Continue practicing this drill until: You feel stable and supported at all times and consistently hit your Sweet Spot in good balance, with a dry arm and hand at the moment you finish rolling. You can roll from Sweet Spot to Sweet Spot with the least possible turbulence and wake. You can roll from side to side, purely using weight shifts without using your hands to help.
Drill #2.3: Active Balance: Looking Down
Why do this drill: This drill provides a sterner test of your balance skills and coordination. It also introduces and develops two new skills that will be critical to all of the freestyle drills that follow: Rolling your body like a log and leading rotation from the core, not from your head.
Follow this sequence:
1. Start by balancing in your Sweet Spot. Stay there, kicking gently, until you are sure of your balance and alignment.
2. Swivel your head to the nose-down position. Pause to check that you are well balanced at exactly 90 degrees.
3. Roll your body—like a log — to your Sweet Spot on the other side. This means move everything — head, shoulders, torso, hips — as a unit and stay balanced and horizontal as you do.
4. Take three deep, slow, cleansing breaths and be sure you are rebalanced in your Sweet Spot before repeating the sequence back to where you started.
5. Do each rotation as if you were trying to take your bellybutton to the air. This will form a habit of rolling from the core, not leading rotation with your head, and make it more likely that you'll roll all the way to your Sweet Spot. Your objective is to have your bodyroll take your mouth to where the air is. Your head simply "goes along for the ride" as your body rolls.
Continue practicing this drill until: You roll your body as a coordinated, integrated unit and consistently finish each rotation right in your Sweet Spot. It takes only a moment to rebalance and regain your equilibrium after each rotation.

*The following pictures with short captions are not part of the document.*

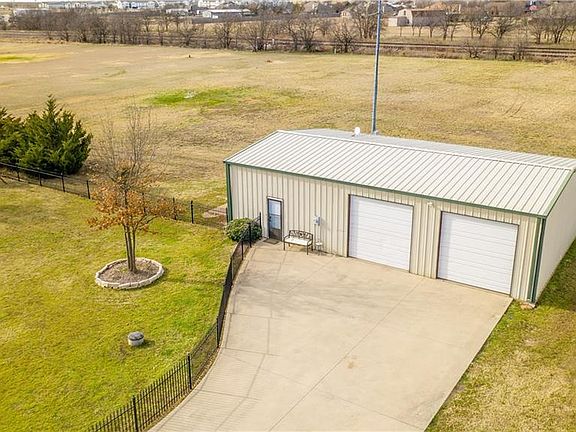 5th image of 13413 Willow Creek Dr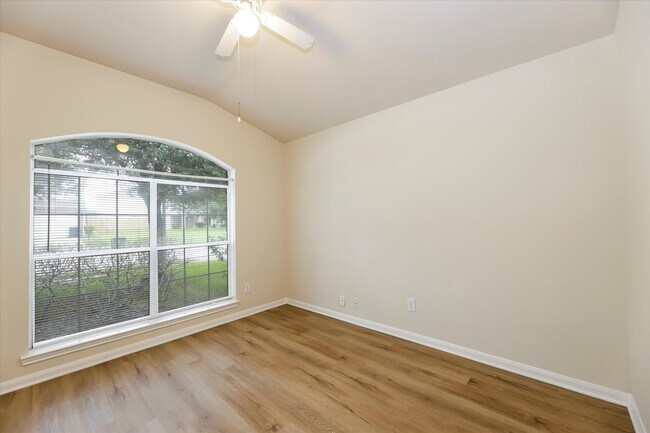 Foto del edificio - 3215 Painted Meadow Cir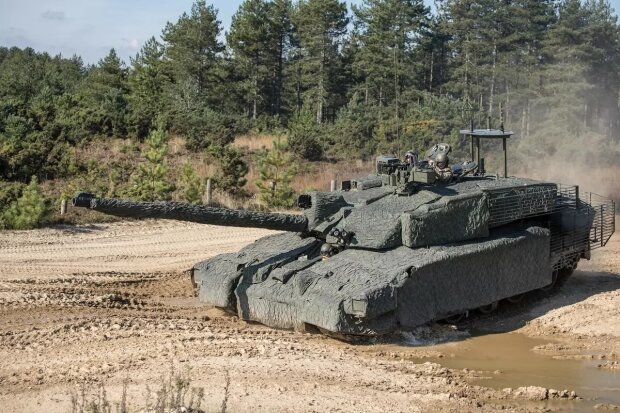 Велика Британія обговорює можливість передачі ЗСУ танків Challenger 2, — Sky News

Drill #2.4: Active Balance: Full Circle
Why do this drill: This drill is the most advanced test of active long-axis balance. It combines the two previous drills to heighten your sense of alignment, control, and coordination by moving through a full 360-degree rotation. This is also the first drill to link the common skills of backstroke and freestyle in a single drill, improving your "fluency foundation" for each stroke more than is possible with single-stroke drills.
Follow this sequence:
1. Stan by balancing in your Sweet Spot as in each of the previous three drills.
2. Swivel your head and look directly down. Pause to check your 90-degree balance (head hidden, arm showing).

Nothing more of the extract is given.